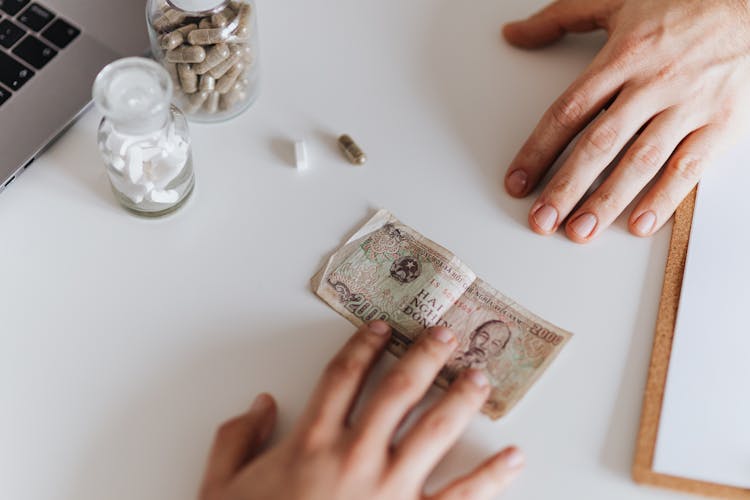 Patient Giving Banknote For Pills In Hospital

________________________

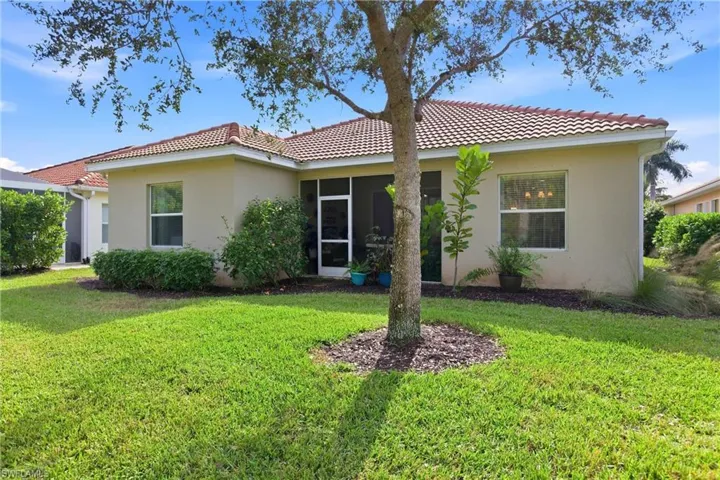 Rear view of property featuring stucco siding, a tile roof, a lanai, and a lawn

________________________

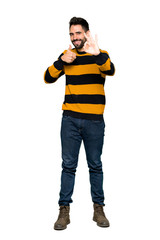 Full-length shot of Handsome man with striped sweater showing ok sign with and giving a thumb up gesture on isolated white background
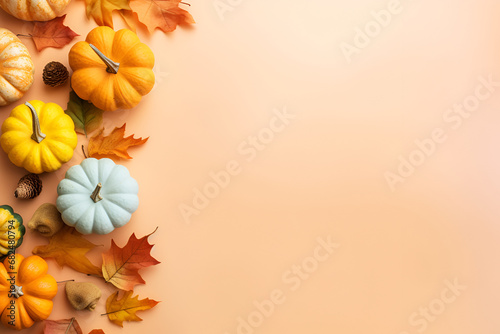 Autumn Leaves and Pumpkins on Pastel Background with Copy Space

________________________

## WORK TASK
Would you output only the span of the records above that opens with the line containing "Full-length shot of" and closes with the line containing "Autumn Leaves and", ends included and pictures dropped?

## REPLY TO THE EXERCISE
 Full-length shot of Handsome man with striped sweater showing ok sign with and giving a thumb up gesture on isolated white background
 Autumn Leaves and Pumpkins on Pastel Background with Copy Space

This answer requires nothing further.